Six months ago we launched an A/B testing framework for our site, SpanishDict.com, that has allowed us to make ad ops decisions smarter, faster, and with measurable improvements to revenue. Our first test led to an increase of more than 20% on our mobile CPMs. Here’s how we did it.
For the past 10 years, we at SpanishDict have chronically made sub-par decisions about what ads to show on our site. Sure, we “optimized” like everyone else. We tested dozens of networks. We tried different ad placements on our site. We explored creative new ads units. We'd run the experimental setup for a week or two, and then analyze the results versus the previous week or two, carefully inspecting changes in our CPM per impression, CPM per pageview, and overall revenue.
But something always nagged us about these tests. We could never actually tell if the results we saw were due to the changes we made or some exogenous factor. CPMs are constantly in flux. CPMs change daily--sometimes as much as 30%--even when we do nothing. How were we to know if our tests actually made a difference? In truth, we just made our best guess. We tried to use the information we had to make a decision, but the information we had was limited. And even the best guess is still a guess.
Because there were so many confounding variables, we were making decisions in the dark. And these decisions were critical for our site. Very few things a publisher does have as much impact on the bottom line as deciding what ads to show on the site.
Late last year, we decided to take a lot of the guesswork out of our ad ops decision making process and turn it into more of a science. We had seen the power of A/B testing in nearly every other aspect of our business: marketing, user engagement, subscriptions. Ad ops was the last major holdout.
Running A/B tests was the answer to the problem of the confounding variables. If we could randomly assign our users to two different ad setups, pit the ad setups against each other head-to-head, and analyze the results, we could know with far more certainty that the change we made in our ad setup was the cause of a change in CPM. No more worries about seasonality, campaigns ending, or traffic fluctuations. All those variables would be the same across the test groups. With a testing framework in place, we could make better decisions with greater confidence.
There is a reason very few publishers run A/B tests on ads. A/B testing has been hobbled by the fragmentation of ad providers, causing publishers great difficulty when trying to see a unified performance report, especially when the performance needs to be segmented by A/B channel. We realized that we would have to do a major overhaul of our ad setup and reporting structure if we were going to be able to run tests.

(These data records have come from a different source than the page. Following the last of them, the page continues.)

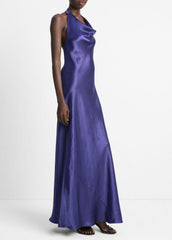 Satin Cowl-Neck Maxi Dress in Dresses & Skirts - DEEP IRIS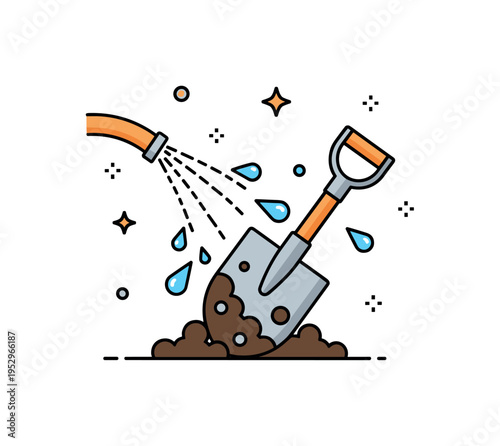 Post harvest tool wash symbolized by a hose spraying water over a muddy shovel with droplets scattering outward, expressing refreshment and end of day care.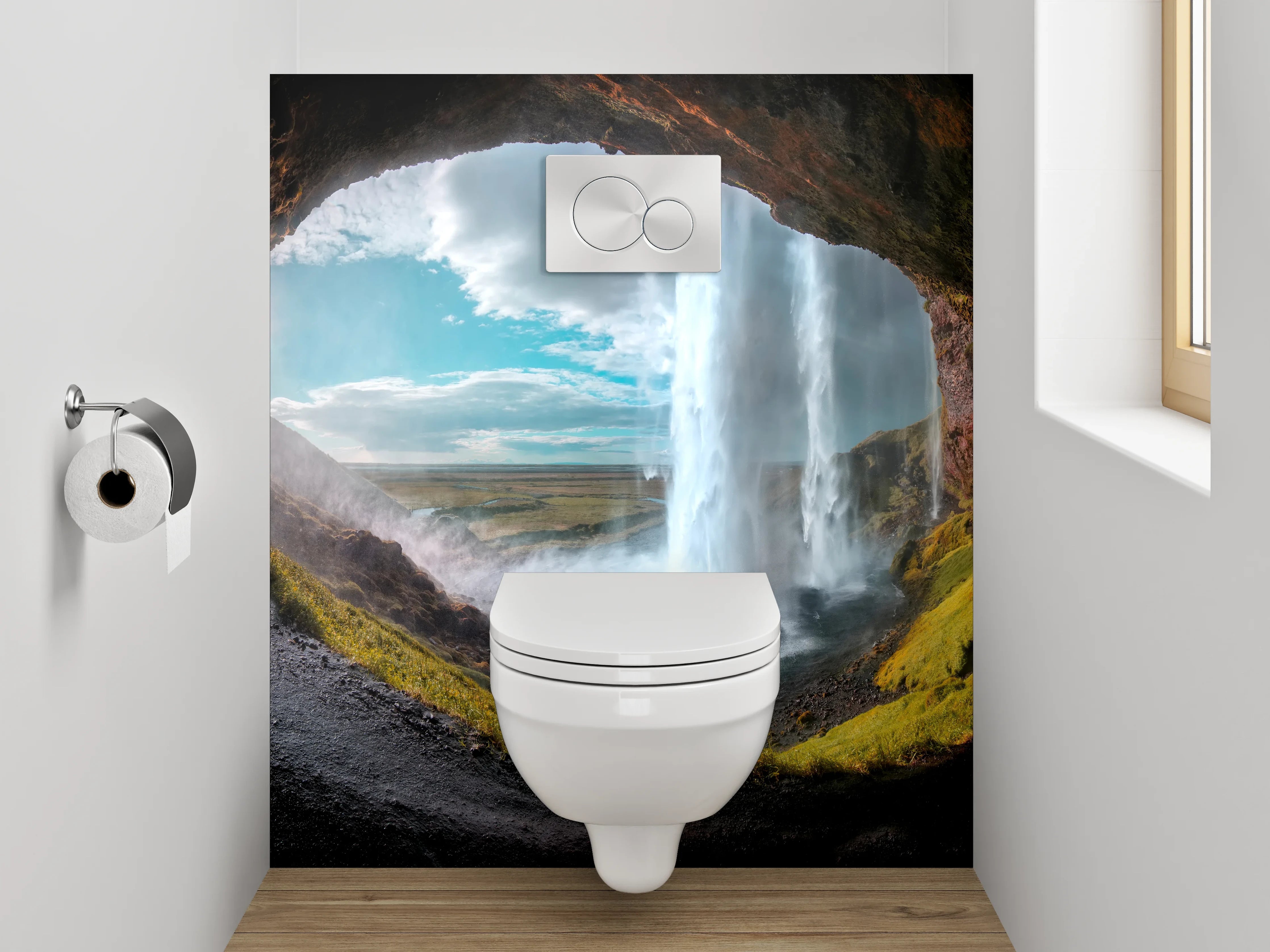 WC-Rückwand - Wasserfall aus der Höhle – Naturidylle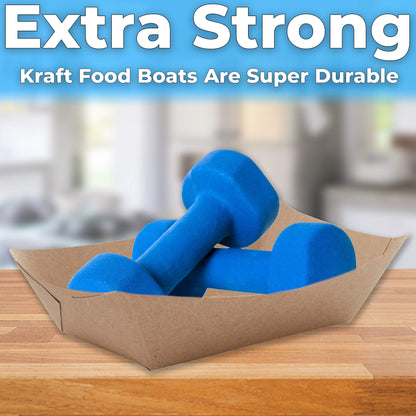 Avant Grub Eco Friendly USA-Made 3lb Food Holder Trays, 50-Pack. Compostable Kraft Paper Dishware Plates for Diners or Concession Stands. Sturdy Disposable 3lb Party Snack Boat. Ideal for Events!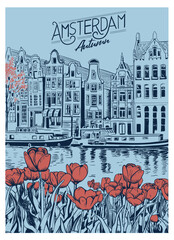 Amsterdam Netherlands hand drawn vector art, Amsterdam autumn tulip cityscape illustration, European vacation destination artwork for t shirt, poster, graphic print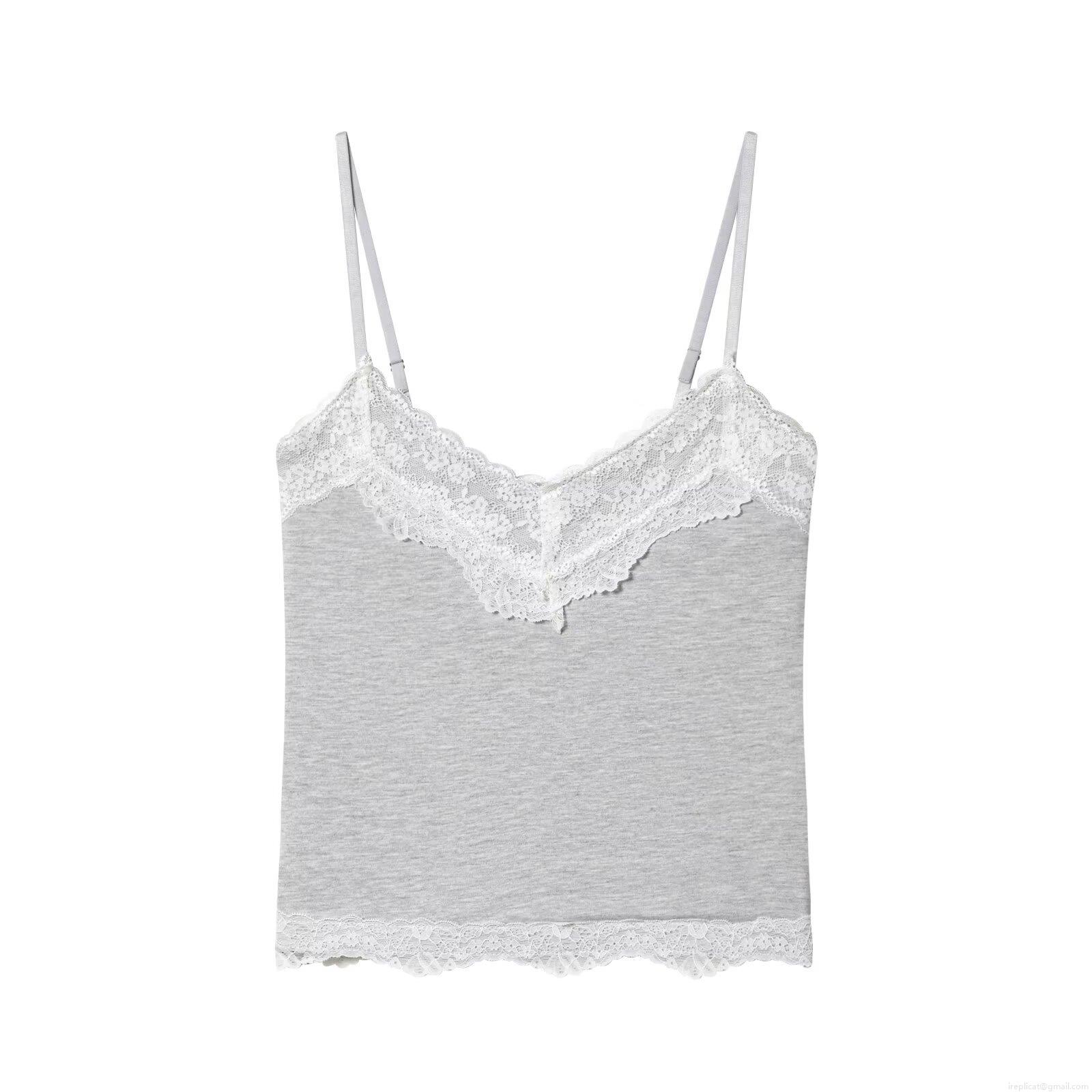Women's Knit Lace Trim Camisole Top Sexy V-Neck Slim Fit Cropped Tank Top Summer Sleeveless Ribbed Double Layered Cotton Blend Shirt For Casual Party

The principle requirement for our A/B testing framework was to be able to run two independent ad setups simultaneously and achieve full visibility into the performance of each. We wanted to report both the revenue performance and traffic performance of a test--some ads pay well, but the user experience cost is too great. We wanted to measure this.
Our A/B tests started in the user’s browser, where we assigned every user a “test_group” property from 1-100 stored in a persistent cookie. We sent this property to DFP like this: googletag.pubads().setTargeting('test_group', '80');. We also sent this property to our traffic analytics system. Our structure is to have an “A channel”, which is our default setup and is where we run 90% of our traffic using test groups 11-100, and a “B channel”, which is our experimental channel and is where we run 10% of our traffic using test groups 1-10. Our A/B testing setup looks something like this:
We then developed a Line Item system in DFP that enabled detailed reporting. We have a standardized line item structure that we use throughout our setup that follows the format: CHANNEL_ADUNIT_GEO_ADVERTISER. So the line itemA_D160X600SIDERAIL_USA_TRIBAL would target the A channel, the desktop 160x600 siderail ad unit, in the US, for Tribal Fusion while the line item B_M300X250CONTENT_INT_RUBICON would target the B channel, on the mobile 300x250 content unit, for international traffic, from Rubicon Project. This line item setup provided us granular performance data that we could use to segment performance by channel, ad unit, geography, and partner. It also allowed us to run tests on particular ad units in particular regions.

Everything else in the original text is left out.